[Material for this task — start]
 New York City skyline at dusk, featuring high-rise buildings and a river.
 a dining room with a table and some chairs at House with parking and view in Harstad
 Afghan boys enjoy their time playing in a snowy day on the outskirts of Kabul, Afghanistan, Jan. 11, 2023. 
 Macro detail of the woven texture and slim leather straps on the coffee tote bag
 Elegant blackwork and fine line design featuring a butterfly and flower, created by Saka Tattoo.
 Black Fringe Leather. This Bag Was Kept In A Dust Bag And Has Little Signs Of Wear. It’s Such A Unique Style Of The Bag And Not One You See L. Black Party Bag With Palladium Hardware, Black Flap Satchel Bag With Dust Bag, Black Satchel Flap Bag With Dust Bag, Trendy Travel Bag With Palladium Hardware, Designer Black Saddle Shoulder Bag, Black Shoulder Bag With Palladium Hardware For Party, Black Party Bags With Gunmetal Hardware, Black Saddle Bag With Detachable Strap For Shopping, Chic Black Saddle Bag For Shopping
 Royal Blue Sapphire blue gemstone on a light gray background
[Material for this task — finish]
[Material for this task — start]
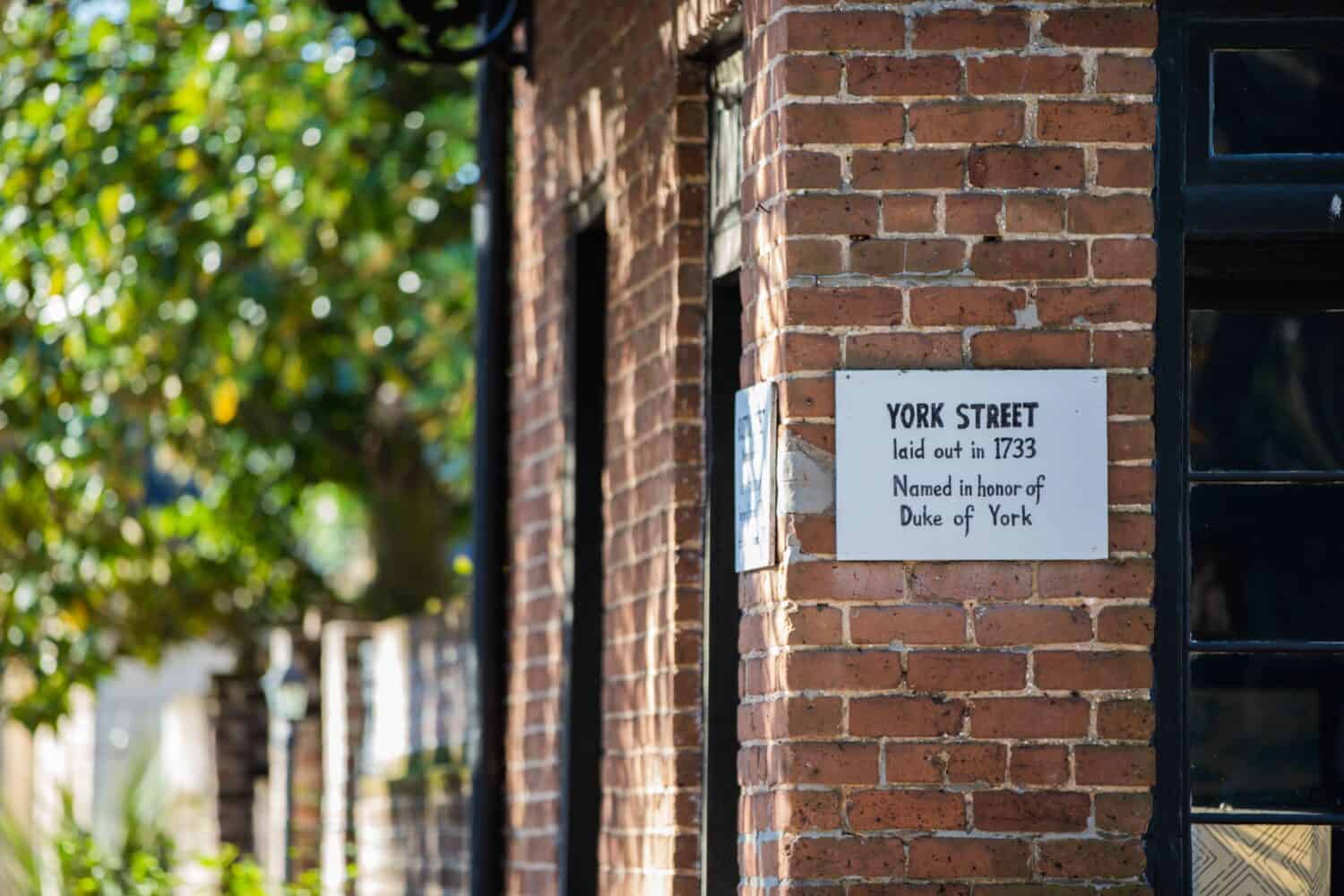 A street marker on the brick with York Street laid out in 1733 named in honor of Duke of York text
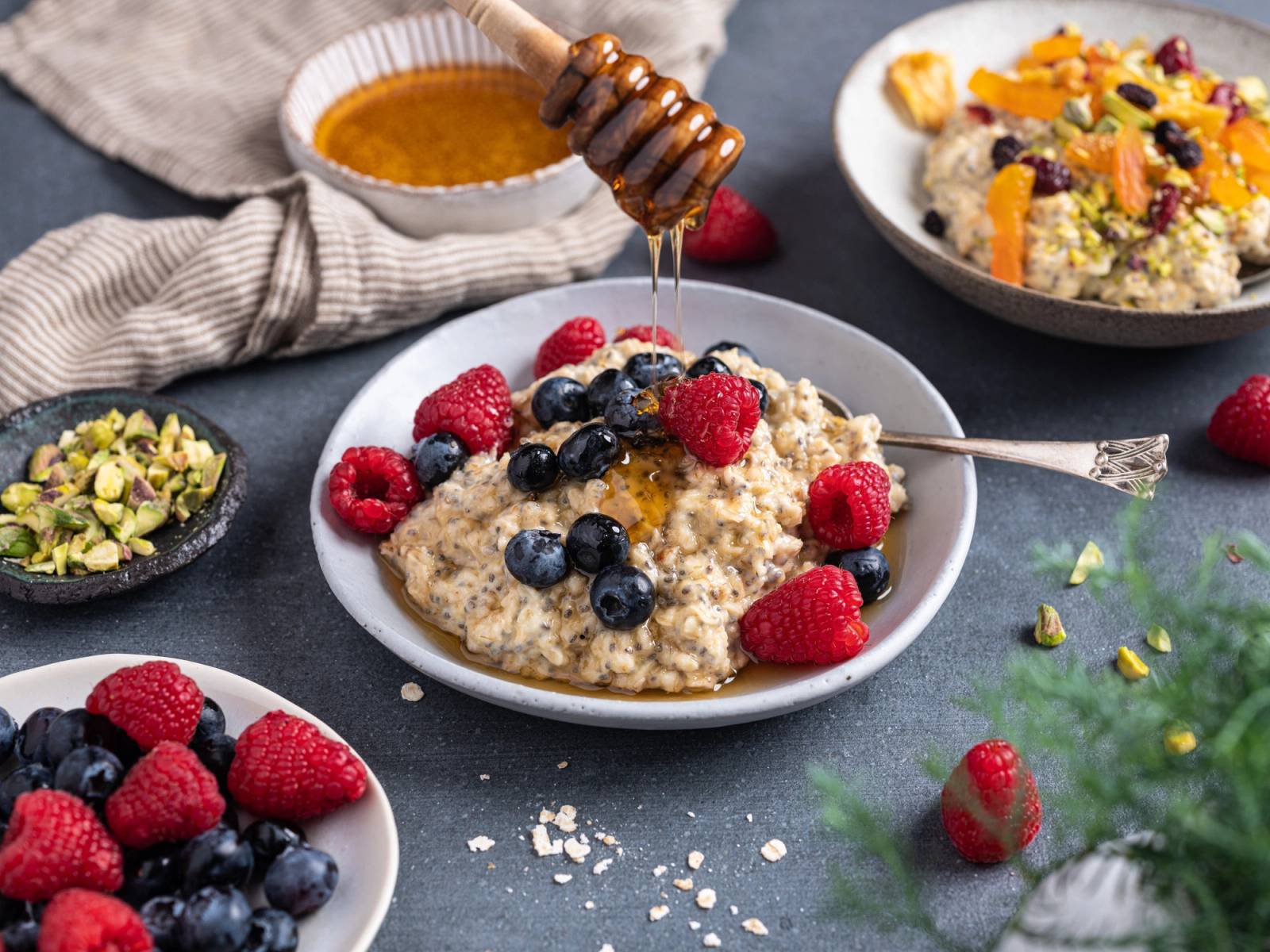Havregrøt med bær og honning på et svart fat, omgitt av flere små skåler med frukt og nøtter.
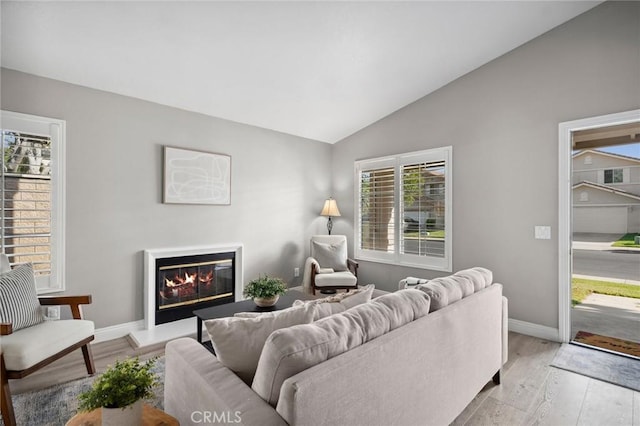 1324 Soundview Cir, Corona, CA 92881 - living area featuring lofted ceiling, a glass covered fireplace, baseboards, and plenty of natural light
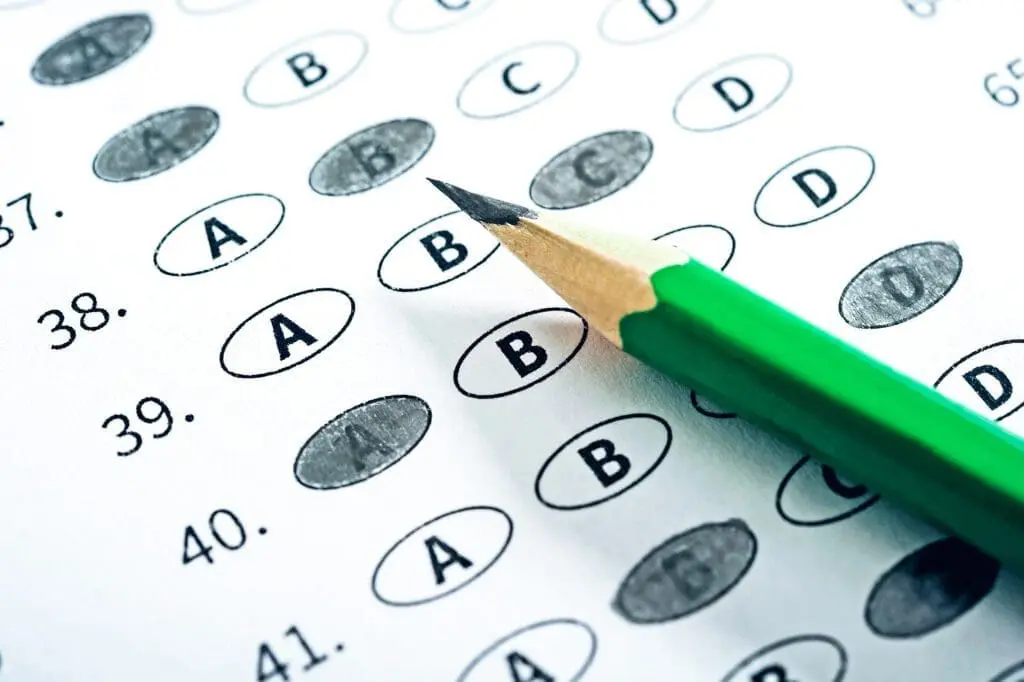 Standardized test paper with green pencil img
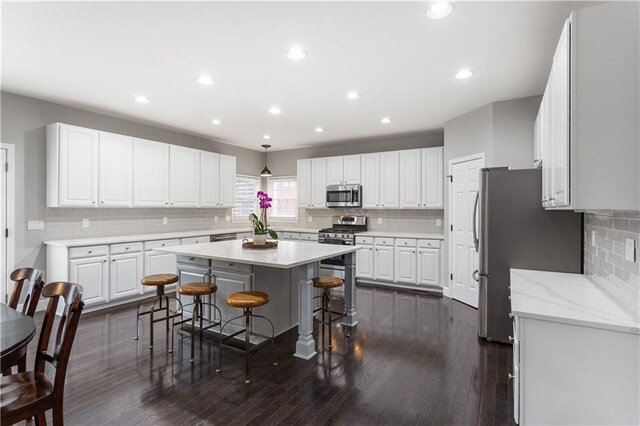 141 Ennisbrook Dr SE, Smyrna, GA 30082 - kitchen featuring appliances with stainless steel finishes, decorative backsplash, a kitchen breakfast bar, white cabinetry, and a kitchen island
[Material for this task — finish]
### Work instruction
Could you write out, exactly as they stand, only the lines above that begin at the line with "a dining room" and stop after the line with "Royal Blue Sapphire"?

### Solved exercise
 a dining room with a table and some chairs at House with parking and view in Harstad
 Afghan boys enjoy their time playing in a snowy day on the outskirts of Kabul, Afghanistan, Jan. 11, 2023. 
 Macro detail of the woven texture and slim leather straps on the coffee tote bag
 Elegant blackwork and fine line design featuring a butterfly and flower, created by Saka Tattoo.
 Black Fringe Leather. This Bag Was Kept In A Dust Bag And Has Little Signs Of Wear. It’s Such A Unique Style Of The Bag And Not One You See L. Black Party Bag With Palladium Hardware, Black Flap Satchel Bag With Dust Bag, Black Satchel Flap Bag With Dust Bag, Trendy Travel Bag With Palladium Hardware, Designer Black Saddle Shoulder Bag, Black Shoulder Bag With Palladium Hardware For Party, Black Party Bags With Gunmetal Hardware, Black Saddle Bag With Detachable Strap For Shopping, Chic Black Saddle Bag For Shopping
 Royal Blue Sapphire blue gemstone on a light gray background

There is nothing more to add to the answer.